Le site sera connecté à la ville par deux accès pour les piétons et les vélos et trois entrées pour les voitures qui se termineront par des parkings souterrains, l’ensemble de la zone étant interdite à la circulation automobile. Au sein du quartier, la mobilité douce sera privilégiée, ce qui n’empêche pas de se poser des questions sur l’accès à l’ensemble. Les rues Mühlenbach et Rollingergrund sont déjà très denses en circulation et peu accueillantes pour les cyclistes. « Le réaménagement et l’élargissement du Rollingergrund pour l’ajout d’une piste cyclable est à l’étude, en concertation avec les Ponts et Chaussée », indiquait Lydie Polfer lors de la présentation. Elle évoque aussi la possibilité de construire un ascenseur pour relier le quartier au Limpertsberg qui le domine. Des études de faisabilité pourraient être lancées prochainement.
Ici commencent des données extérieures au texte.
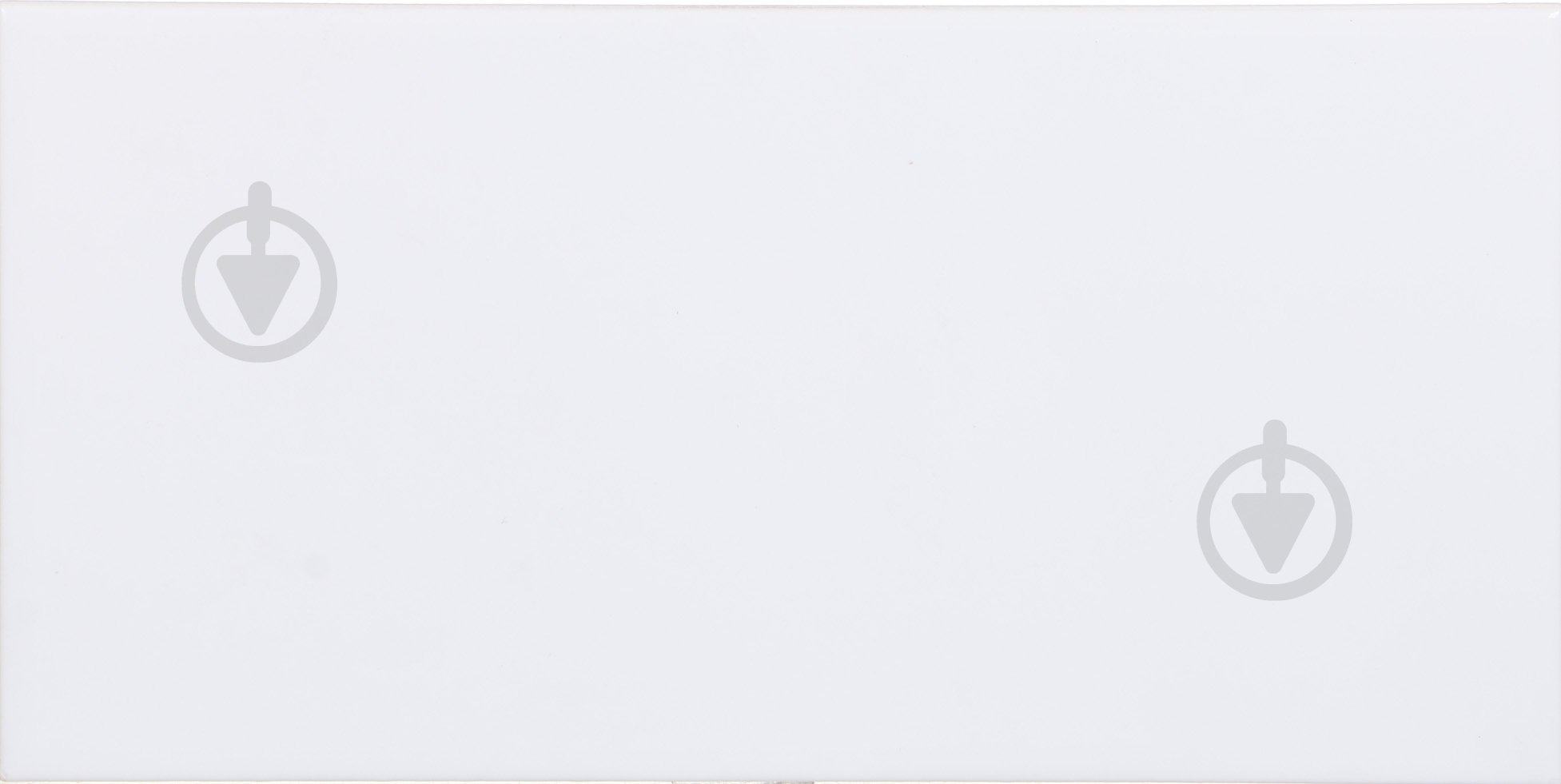 Плитка Golden Tile Metrotiles white 460011 10x20 см - фото 1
Avant le gong Ni les promoteurs, ni les autorités communales ne veulent (ne peuvent ?) communiquer de dates quant au début des travaux et encore moins pour la livraison. La procédure d’analyse et d’appréciation des PAP prendra entre six et neuf mois, selon les plus optimistes, pendant lesquels les conventions d’exécution vont être rédigées. Les projets architecturaux précis pourront alors faire l’objet de demandes d’autorisation à bâtir. On est encore loin de la pose de la première pierre, ce qui n’empêche pas les démarches commerciales pour trouver des acquéreurs...
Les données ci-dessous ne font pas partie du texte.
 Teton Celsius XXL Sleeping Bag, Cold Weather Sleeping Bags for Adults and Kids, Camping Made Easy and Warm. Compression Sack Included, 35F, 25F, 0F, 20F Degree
Avec ces deux projets, le nord-ouest de la capitale, coincé entre le front vert du Bambësch et le dénivelé du Limpertsberg, et marqué par la forte présence des axes routiers, va connaître une nouvelle attractivité. Ensemble, ils comptabilisent ensemble environ 1 700 logements. Selon la clé habituellement utilisée de 2,3 habitants par logement, cela donne pas loin de 4 000 habitants, un potentiel considérable où réserver dix pour cent de logements abordables semble peu ambitieux. La Ville de Luxembourg serait bien inspirée de montrer l’exemple en allant au-delà de ce seuil imposé par la loi. À quelques mois près d’ailleurs, les promoteurs auraient été obligés d’augmenter cette part. En effet, le Pacte logement a introduit une modification de la loi sur l’aménagement communal et le développement urbain qui obligera à réserver non plus dix, mais quinze pour cent de logements abordables dans les nouveaux PAP de plus de 25 logements. « Faïencerie » et « Place de l’Étoile » échappent à cette nouvelle règle s’ils entrent en procédure avant le 18 février 2022. On comprend mieux l’empressement à faire adopter les modifications de PAG.

* La troisième modification concerne les terrains situés entre la rue d’Orchimont et le Rangwee dans le quartier Bonnevoie-Sud et vise à reclasser la « zone d’activités économiques communale type 1 » en « zone spéciale d’activités économiques tertiaire », ce qui permet l’implantation d’artisans ou de commerces de petites tailles.